These explorations begin LCGA’s year-long presentation of the notions of Labour and Work in today’s world, with exhibitions throughout the year, drawing from the centenary of Dublin’s 1913 Lockout. It is, at the very least poignant, that this exhibition opens as workers from HMV concluded a sit-in for their rights and entitlements as workers, with many others realising the instability and problematic nature of working in Ireland and Europe today.
STRIKE! opened on January 24th and continues until March 15th. Further information available here
Sonntag presents THE MARKET (a progress report)
January 17, 2013 § 4 Comments
Sonntag would like to invite you to the installation of
THE MARKET (a progress report)*
by Mark Curran
Sunday
20 January
2 – 6pm
Exhibition dates
20 January – 23 January
Gossowstrasse 10, 4. floor
(Bell – Schiesser)
10777 Berlin
U1, U2, U3 Nollendorfplatz
U4 Viktoria – Luise Platz
Sonntag is a social sculpture that invites artists to collaborate and share their work in a domestic space. The project is realized on a monthly basis by way of a public invitation to a Sunday matinee where the invited artist‘s favorite cake and coffee/tea is shared with the audience.
This project was started in September 2012 by Adrian Schiesser and April Gertler.
*The event will feature work in progress from the project, THE MARKET.
Update images of the event can now be found here.
‘COMMEMORATION IS ABOUT THE FUTURE’
January 8, 2013 § Leave a comment
Having entered the centenary year of the Dublin Lockout, the words belong to the curator of this project, Helen Carey (Director, Limerick City Gallery of Art), and formed part of Helen’s presentation as part of a panel discussion held last October at the Arts Office of the Dublin City Council, The LAB. In the context of the exhibition, Digging the Monto, facilitated by Thomas Kador, the panel critically addressed the question of how to commemorate the 1913 Dublin Lockout, the 1916 Rising and the Treaty?
Thematically, Helen addressed the role of memory, the relationship between power and the construction of history and with such awareness, what is the role of contemporary visual art practice to mark this pivotal moment in Irish labour history with critical significance for the globalised present and the possibilities for a re-imagined future.
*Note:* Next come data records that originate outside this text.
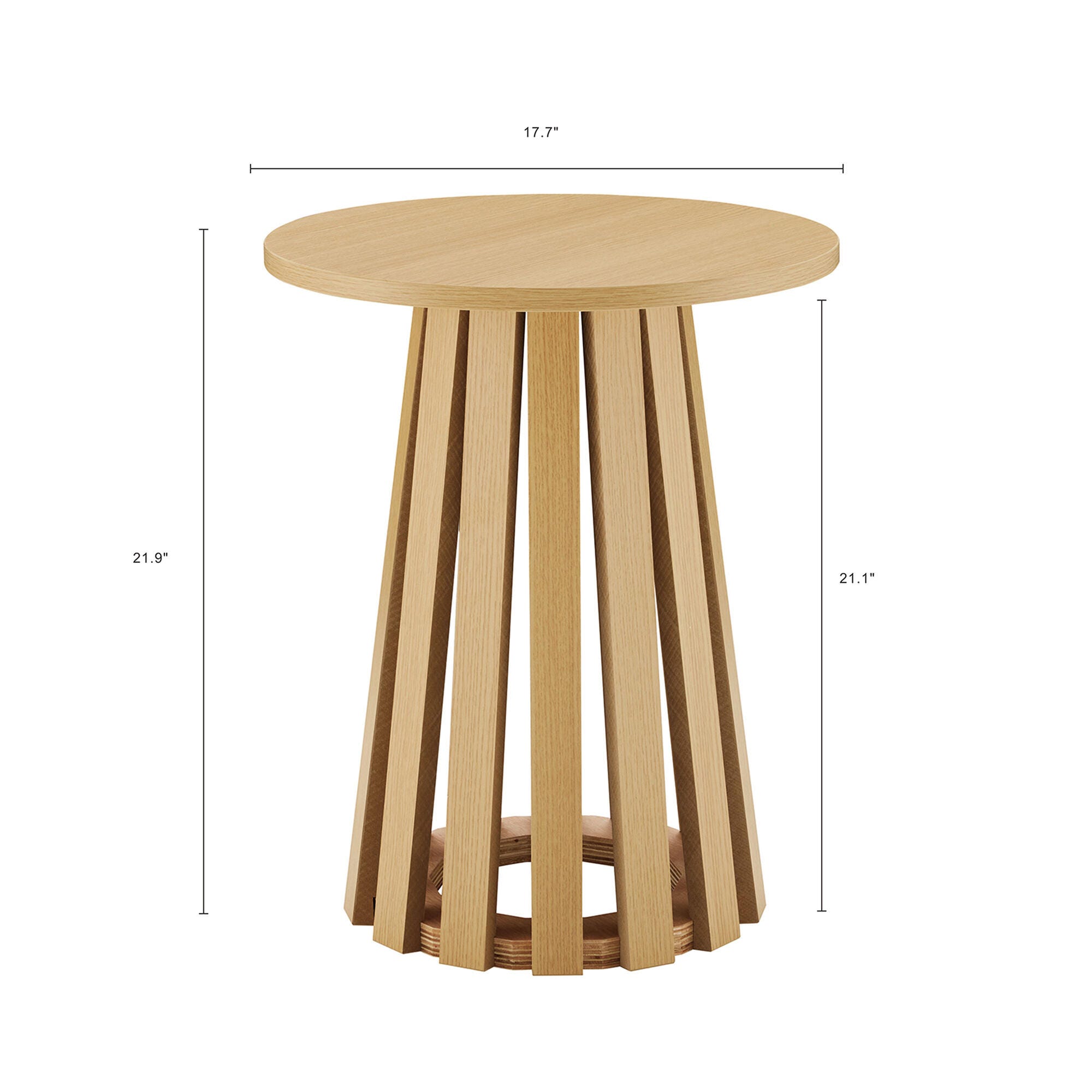 Manhattan Comfort Layla End Table, Natural Oak, large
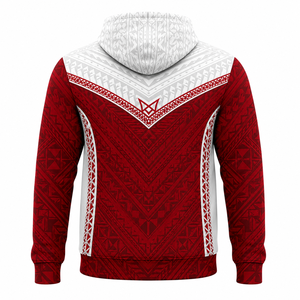 Sudadera con Capucha Unisex con Estampado Geométrico Rojo y Blanco, Impresión por Sublimación, Protección UV UPF 50, Chaqueta para Adultos - Product Image 2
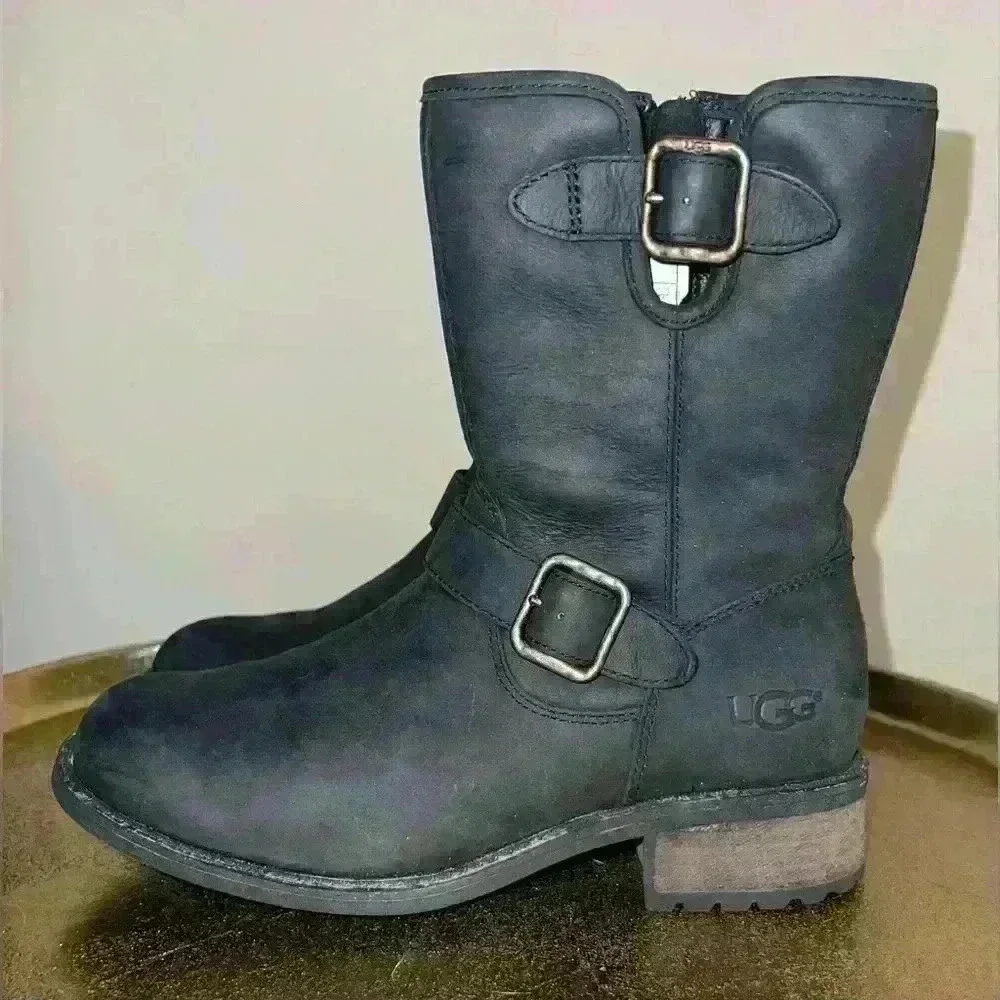 UGG Chaney Oiled Leather Boot in Black with Zipper and Buckle Details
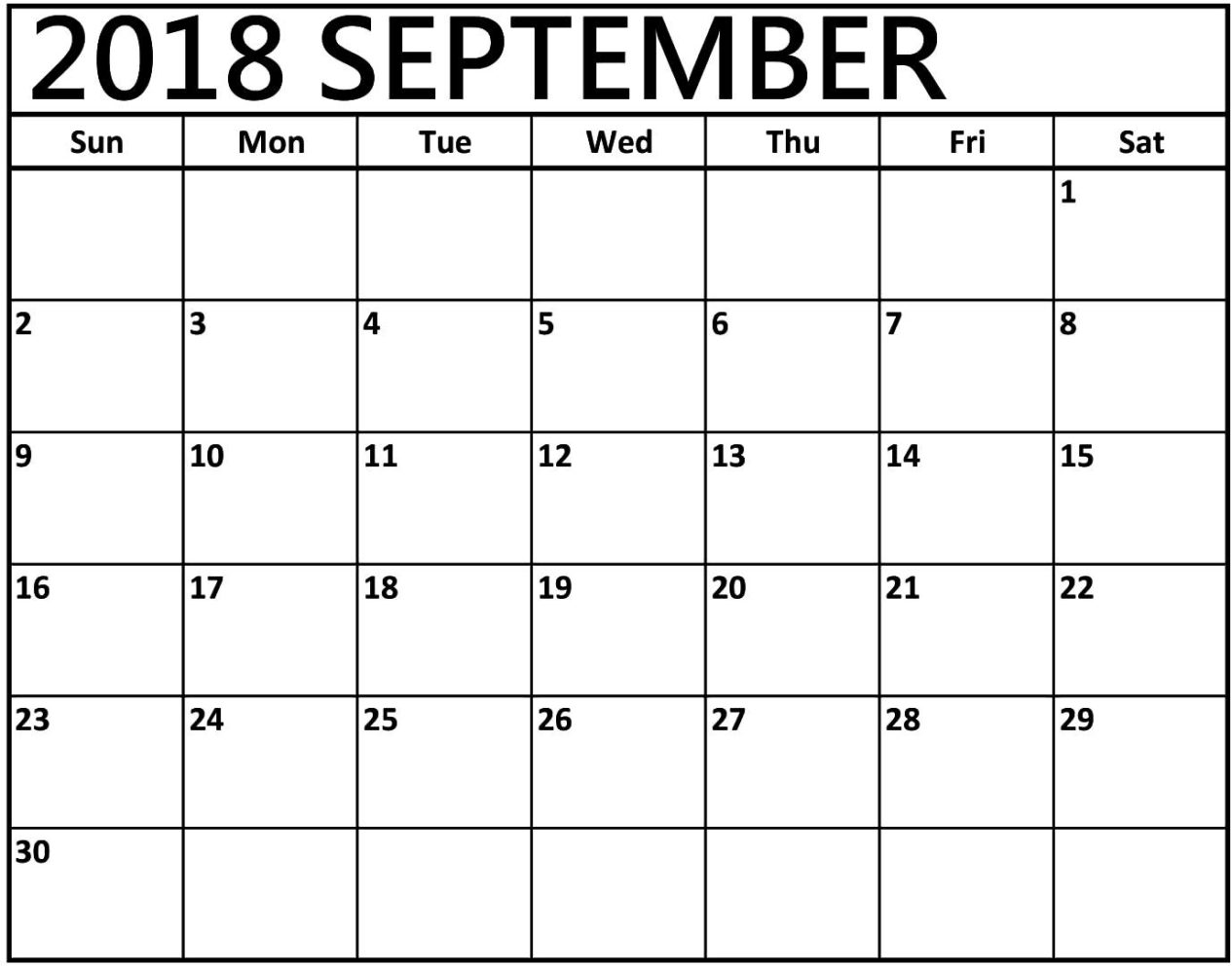 September 2018 Calendar Template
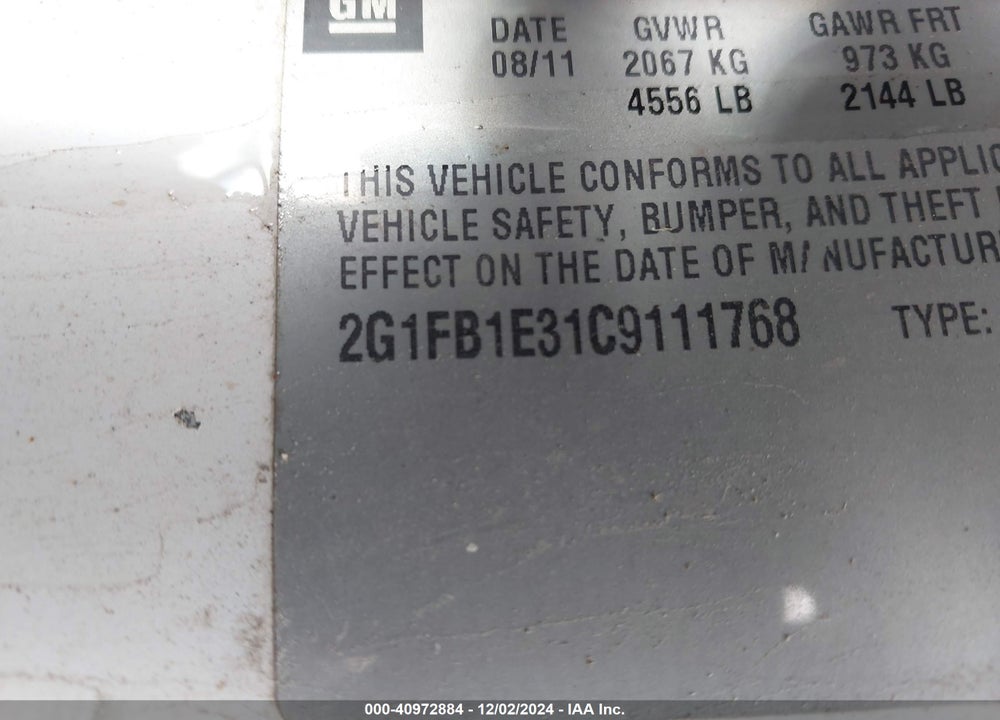 2012 CHEVROLET CAMARO 1LT VIN: 2G1FB1E31C9111768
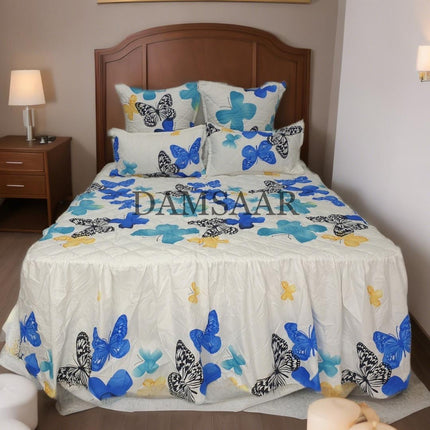 B20 - Queen 5pc Bedspread Big Frill - Biggest Diamond - Microfibre  Printed - Promotion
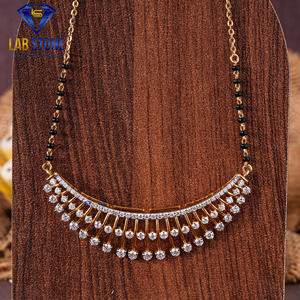 2.104 TDW diamant taille ronde or jaune Mangalsutra par Labstone/Mangalsutra féminin/couleur EF-VS - Product Image 1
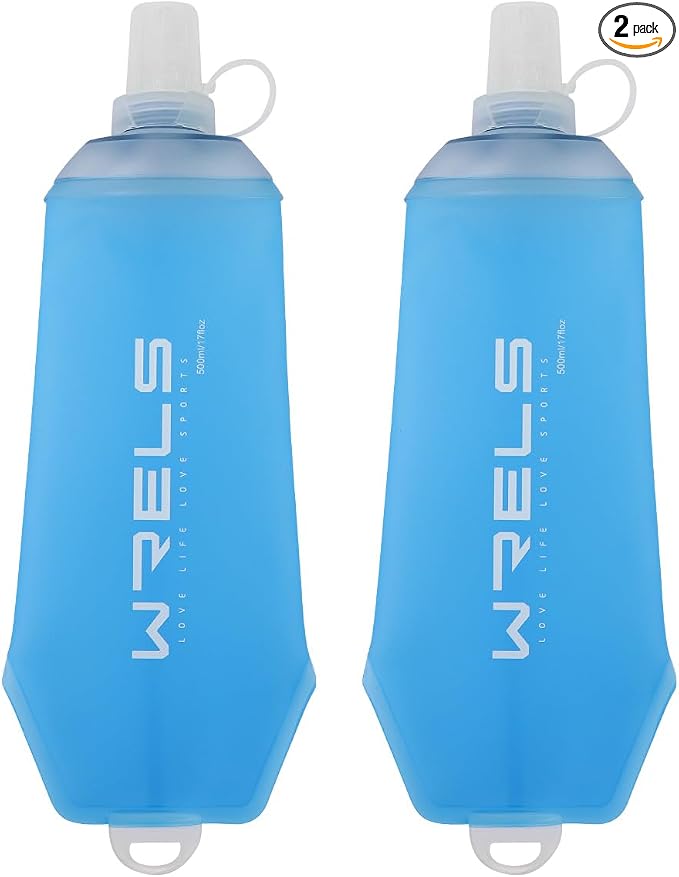 200ml/350ml/500ml Collapsible Soft Flask, BPA Free Folding Soft Water Bottle by WRELS
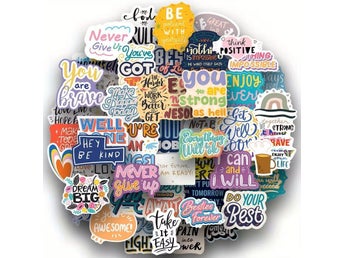 50pcs Motivational Quotes Stickers Pack - Self-Adhesive Vinyl Decals, Waterproof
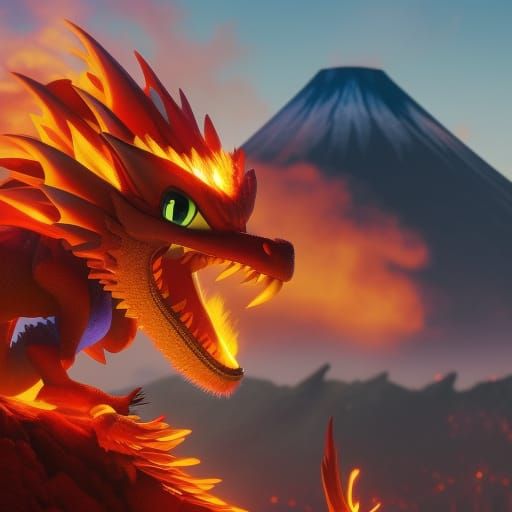Cute Fire Dragon over Volcano in 3D Style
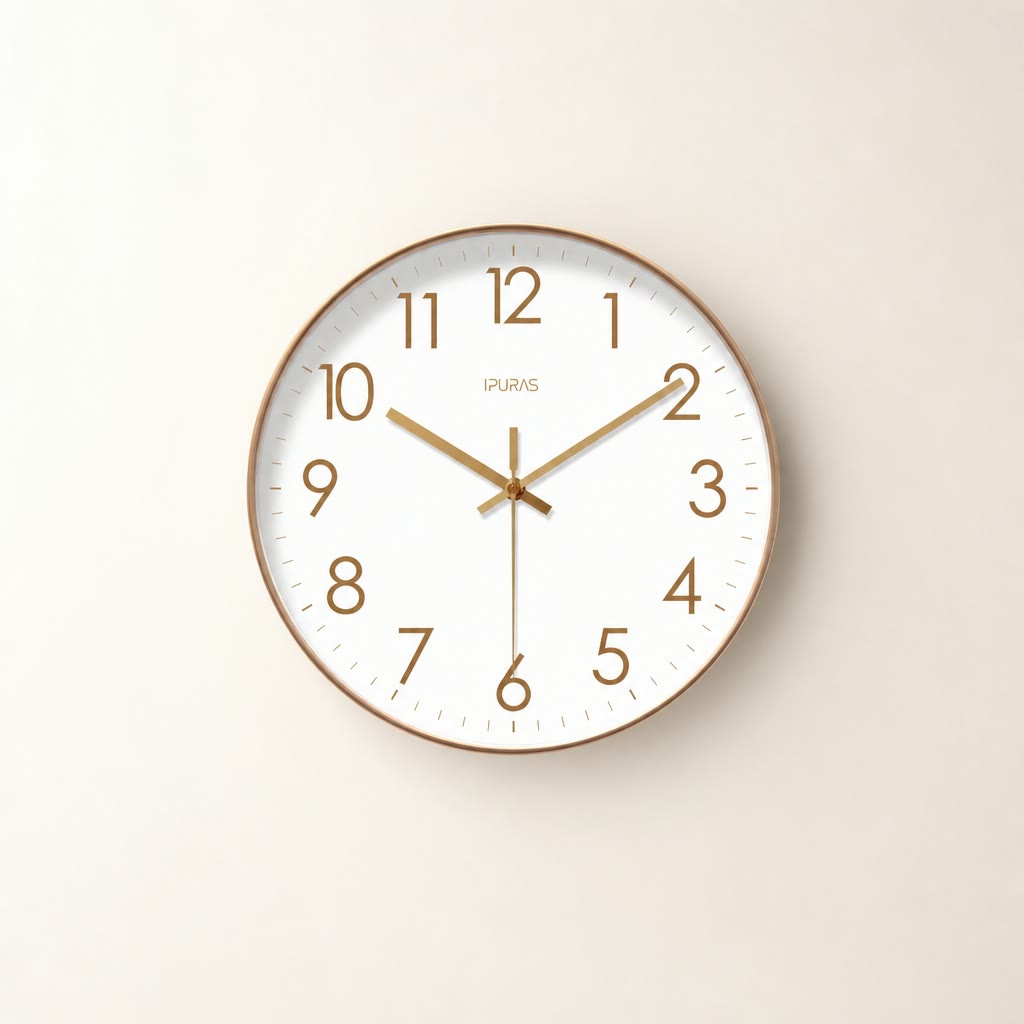 Round white wall clock with gold numerals and hands on a pale neutral background.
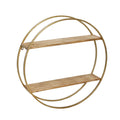 Gold Metal and Wood Wall Shelf I940525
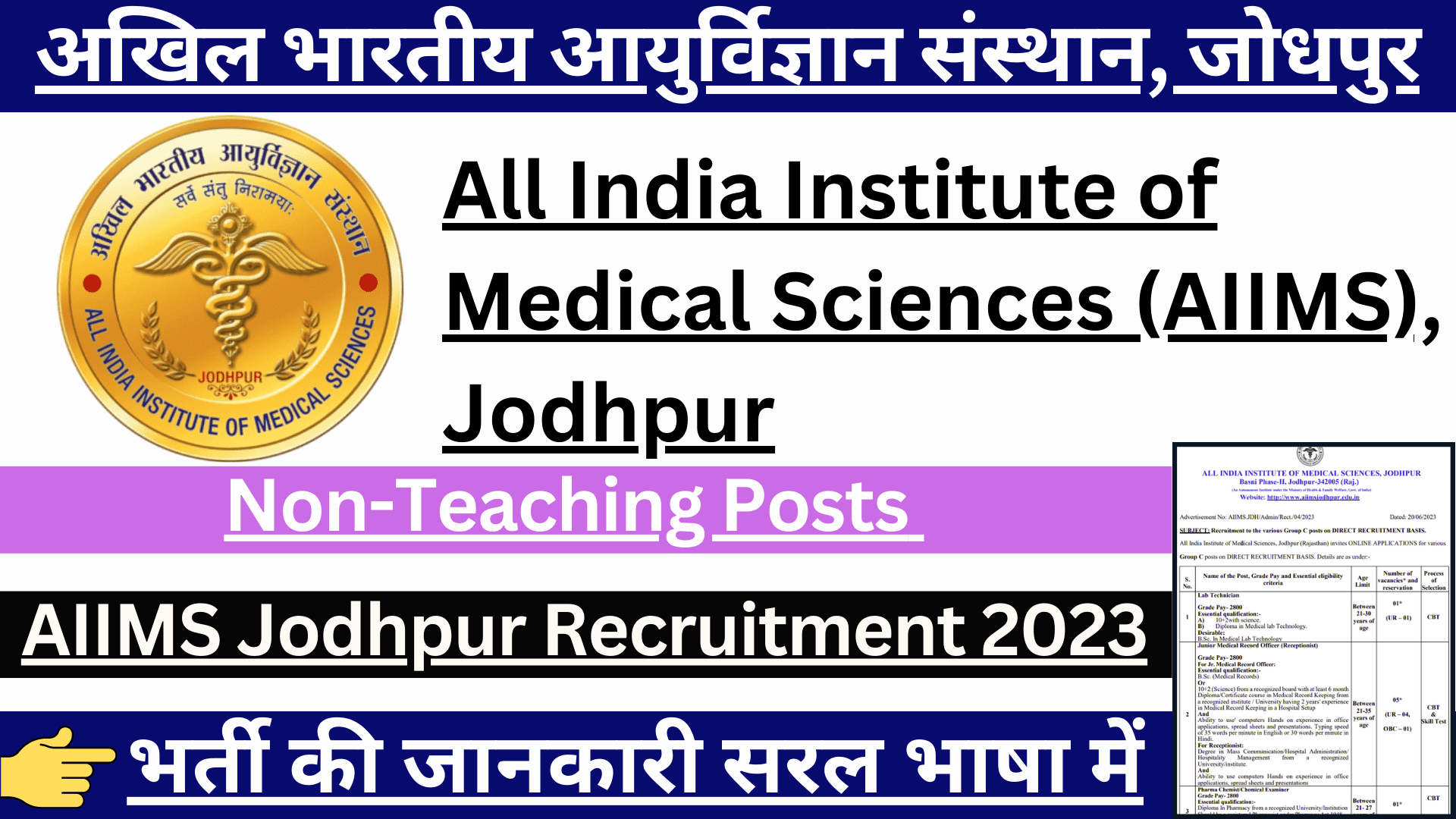 AIIMS Jodhpur Non-Teaching Recruitment 2023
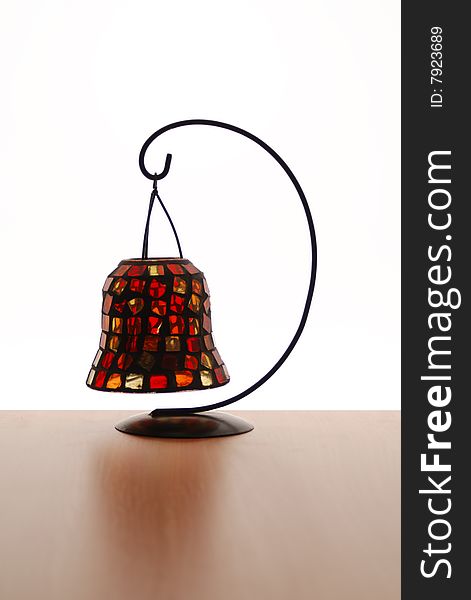 Alight candle black table lamp with glass. Alight candle black table lamp with glass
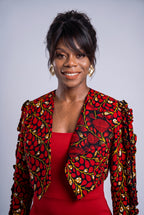 Three quarter view of Red Vine African print jacket for women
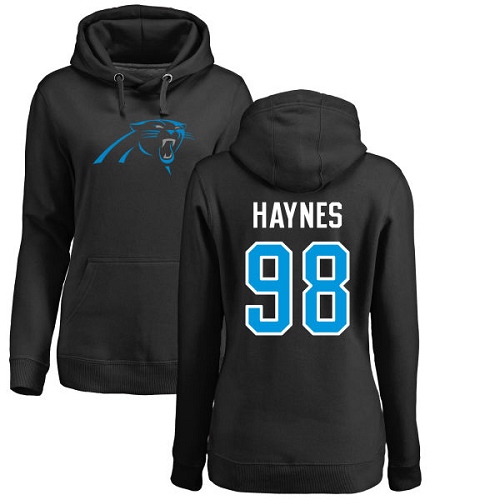 Carolina Panthers Black Women Marquis Haynes Name and Number Logo NFL Football #98 Pullover Hoodie Sweatshirts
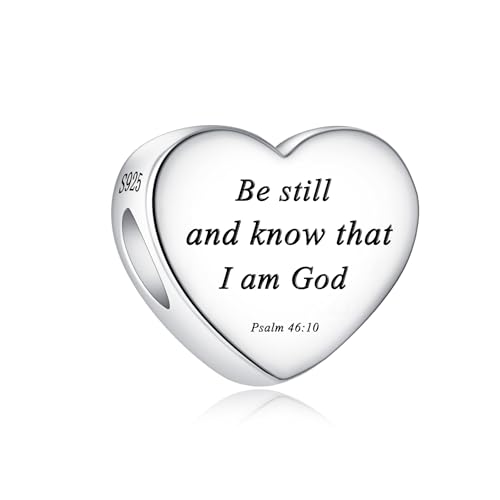Bible Family Mom Wife Love Heart Dangle Charm 925 Sterling Silver Charms fits Bracelets and Necklace Pendant Bead Charms Jewelry Present for Women Family Friends - style: Bible - Be still and know that I am God charm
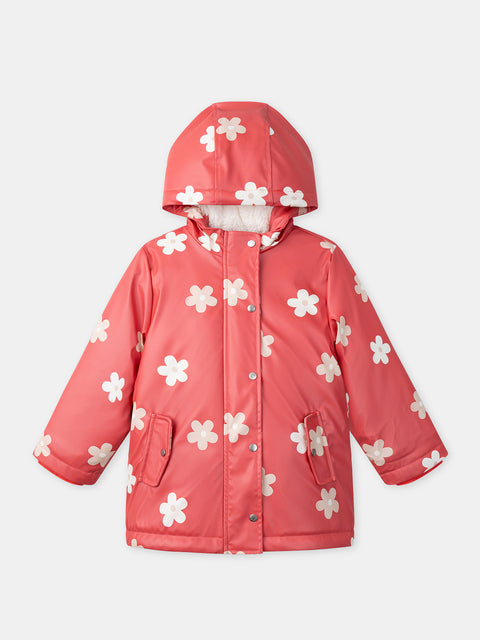 Lined Coral Pink Floral Print Raincoat
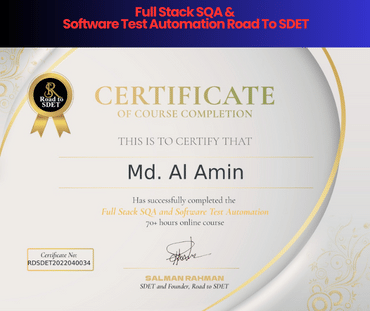 Full Stack SQA and Software Test AutomationRoad To SDET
Now available online, the presentations begin with Helen and are followed by Mary Muldowney (Oral Historian, Trinity College Dublin), Padraig Yeates (Lockout Historian & Writer),Roisin Higgins (Historian, Boston College), Pat Cooke (School of Art History & Cultural Policy, University College Dublin) and is chaired by Charles Duggan (Dublin City Council).
When we are talking about commemoration, we are talking about power and not necessarily history (Helen Carey)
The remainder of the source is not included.